L`ultima baracca crolla sotto i colpi della ruspa e a gironzolare fra i cumuli di spazzatura e i resti di vita quotidiana rimangono solo cani e gatti. Casilino 900, già campo nomadi più grande d`Italia e d`Europa, da 40 anni vergognosa favela della capitale senza fogne né acqua e nemmeno luce elettrica fino a un anno fa, chiude definitivamente i battenti. E`il sindaco Alemanno in persona a fine mattina, a sigillare, con un gesto simbolico, il cancello d`ingresso con catena e lucchetto, in una sorta di cerimonia col prefetto Pecoraro e l`assessore alle Politiche
sociali Belviso. Qualcuno urla «grazie Alemanno», ma gli ex abitanti non ci sono più. Gli ultimi rimasti dei 620 rom che popolavano il campo, una quarantina, sono stati trasferiti nelle prime ore del mattino a bordo di pulimini stracolmi di coperte, tappeti, giocattoli e valigie. «Una giornata storica», si compiace il sindaco, e se la prende col «buonismo» di Veltroni, che faceva da «ipocrita
contraltare» alla realtà di «totale abbandono» di quella zona. E promette che il suo piano
nomadi «sarà ultimato entro l`anno». A Roma ci saranno a quel momento «solo 6000 rom, tutti ricollocati in campi attrezzati». Come quelli in cui sono stati trasferiti gli ex abitanti del Casilino. Ma dall`opposizione non mancano le polemiche. «Peccato che Alemanno ometta di dire che per chiudere Casilino 900 ha utilizzato i villaggi attrezzati realizzati delle amministrazioni Rutelli e Veltroni, tra le critiche demagogiche di allora dello stesso Alemanno, che ora si limita a riempirli
in modo inverosimile. Mentre non un solo passo è stato fatto per realizzare nuove strutture», osserva Peciola, consigliere provinciale dì Sinistra, Ecologia e Libertà.

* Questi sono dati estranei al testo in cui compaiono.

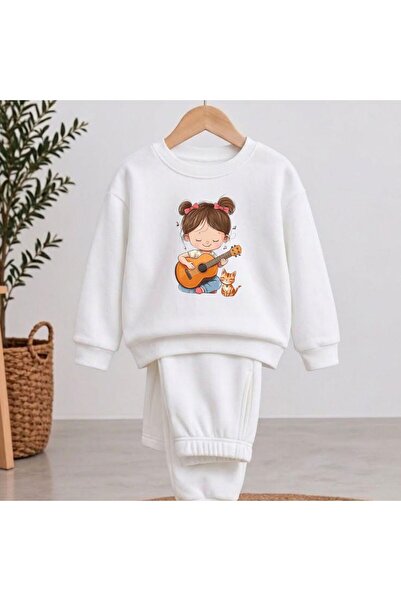 playwear Екипна суичърка с щампа  "Котки с китари " за момичета и момчета, с ...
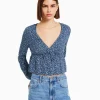 BERSHKA Chemises et blouses*Chemisier manches longues imprimé fleurs nœud Marine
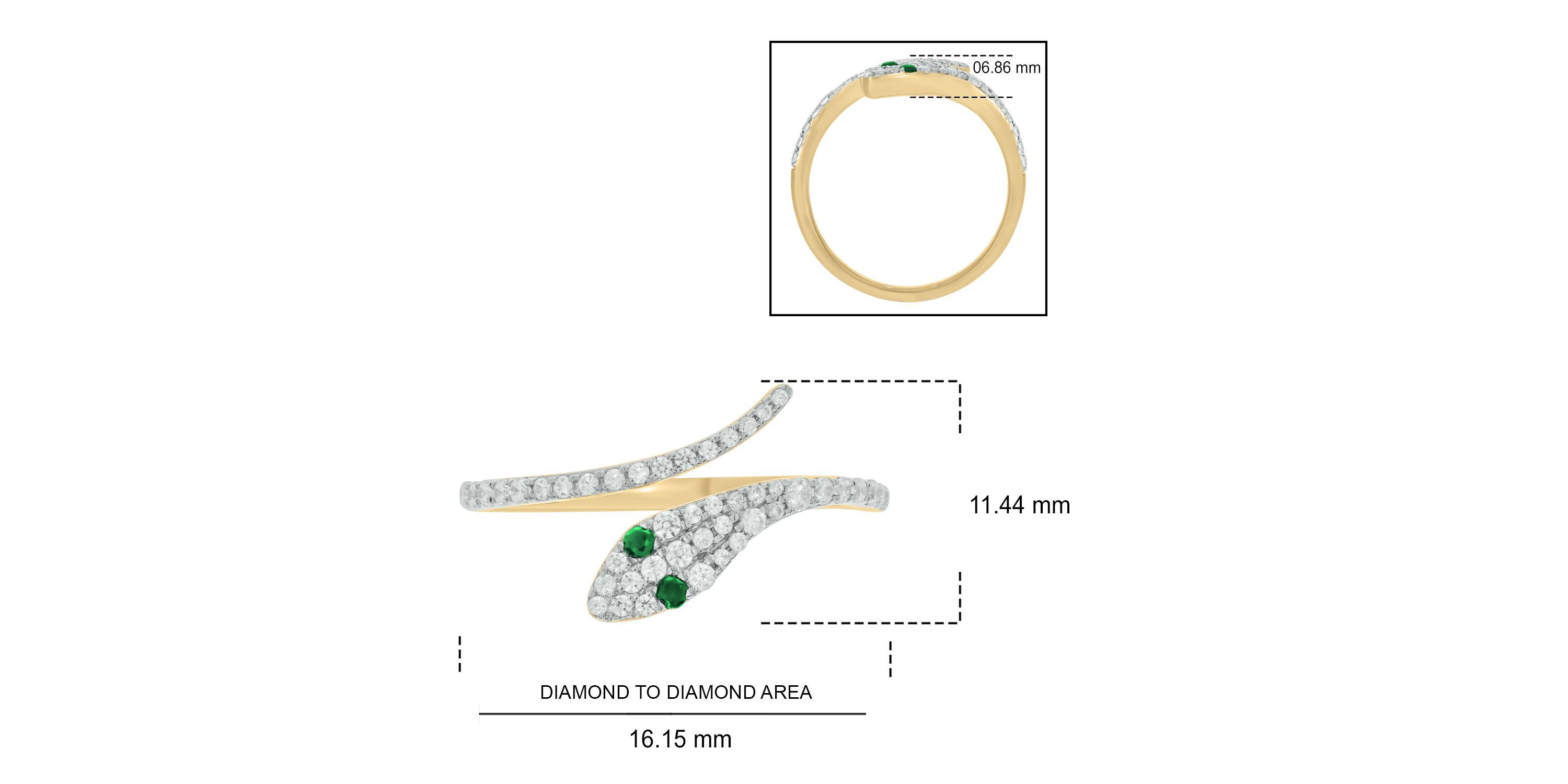 1/3 ct.t.w Diamond & 1/6 ct.t.w Natrual Emerald Round Shape Snake Ring in 10K Gold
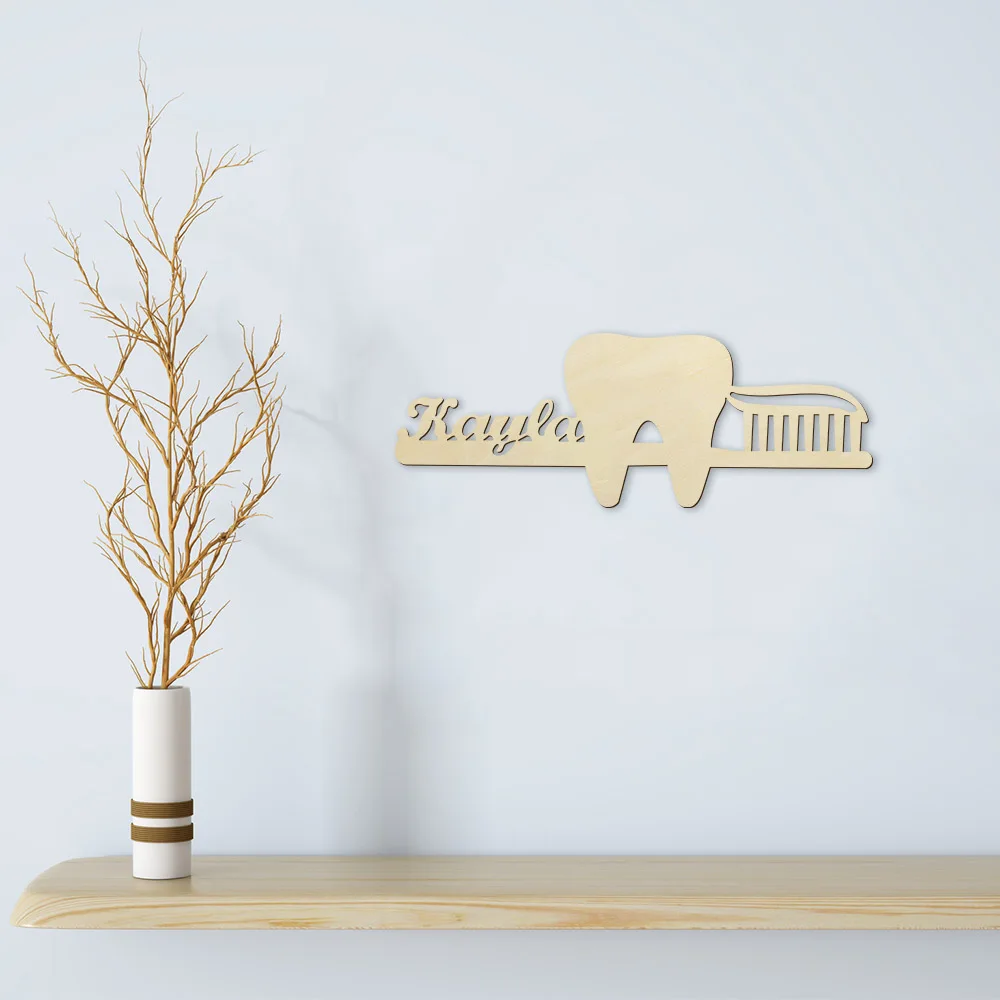 Personalized Wooden Dental Hygienist Sign Custom Laser Cut Tooth Logo Business Signboard Dental Clinic Wall Decor Dentist Gift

«Quando arrivò Rutelli i campi erano 51. Veltroni ne chiuse 4 enormi e ne lasciò in piedi 26,12 dei quali attrezzati», ricorda Valeriani, consigliere comunale del Pd. Vuol farne altri? Dica dove ai cittadini, prima delle regionali», incalzano ancora dal Pd. Resta il fatto storico della chiusura della favela del Casilino. Sessant`anni fa una fungaia, poi per una decina ospita famiglie siciliane e napoletane immigrate, infine per 40 anni campo nomadi. Nel `69 arrivarono i Salkanovic, arrotini
e ombrellai che vendevano anche trecce d`aglio e costruivano distillatori di grappa.
Quindi i rom Khorakhané, artigiani del rame e del ferro.
Tra gli anni `80 e `90 il boom degli arrivi di macedoni e bosniaci montenegrini, in fuga dalle guerre nell`ex Jugoslavia. La baraccopoli si estende e ospita oltre 1500 persone. Negli anni in quella striscia degradata sono nati 15.000 bambini. «Un atto di civiltà chiuderlo», commenta
Renata Polverini, la candidata governatore del Pdl. «Purché si tenti di integrarli davvero,
cosa non facile, e non ci si limiti a spostarli in altre periferie», replica Emma Bonino, candidata del centrosinistra. E ironizza sulle «grandi polemiche sui rom, spesso confusi coi romeni, per poi
scoprire che la maggior parte di loro sono cittadini italiani da generazioni».